I have a dataframe, nsdf, which I would like to sample 5% of. nsdf looks something like this:
col1 8 7 7 8 7 8 8 7 (... and so on)
I sample nsdf like so:
sdf = nsdf.sample(0.05)
I would then like to remove the rows in sdf from nsdf. Now, here I would think I could use nsdf.subtract(sdf), but that would remove all rows in nsdf that match any row from sdf. For example, if sdf contained
col1 7 8
Then every row in nsdf would be removed, as they are all either a 7 or an 8. Is there a way to remove only the number of 7's/8's (or whatever else) that appears in sdf? More specifically, in this example I would like to end up with an nsdf that contains the same data but one 7 fewer and one 8 fewer.

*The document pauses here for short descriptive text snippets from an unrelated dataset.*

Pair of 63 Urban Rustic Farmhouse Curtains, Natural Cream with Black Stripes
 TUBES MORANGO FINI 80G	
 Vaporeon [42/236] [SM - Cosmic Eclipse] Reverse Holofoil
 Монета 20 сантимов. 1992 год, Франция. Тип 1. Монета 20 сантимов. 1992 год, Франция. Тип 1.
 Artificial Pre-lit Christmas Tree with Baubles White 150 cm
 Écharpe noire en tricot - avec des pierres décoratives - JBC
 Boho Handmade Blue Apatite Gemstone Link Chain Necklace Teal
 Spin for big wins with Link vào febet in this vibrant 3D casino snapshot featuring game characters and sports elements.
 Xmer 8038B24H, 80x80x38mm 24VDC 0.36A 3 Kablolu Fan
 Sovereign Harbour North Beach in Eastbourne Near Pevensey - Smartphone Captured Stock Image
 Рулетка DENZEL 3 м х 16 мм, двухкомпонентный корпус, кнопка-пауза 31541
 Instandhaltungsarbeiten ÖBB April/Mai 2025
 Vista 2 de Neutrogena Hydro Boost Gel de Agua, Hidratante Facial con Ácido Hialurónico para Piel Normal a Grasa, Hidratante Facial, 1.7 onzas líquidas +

CodePudding user response:
The behavior of subtract is to remove all instances of a row in the left dataframe if present in the right dataframe. What you are looking for is exceptAll.
Example:
Data Setup
df = spark.createDataFrame([(7,), (8,), (7,), (8,)], ("col1", ))
Scenario 1:
df1 = spark.createDataFrame([(7,), (8,)], ("col1", ))
df.exceptAll(df1).show()
Output
----
|col1|
----
| 7|
| 8|
----
Scenario 2:
df2 = spark.createDataFrame([(7,), (7,), (8,)], ("col1", ))
df.exceptAll(df2).show()
Output
----
|col1|
----
| 8|
----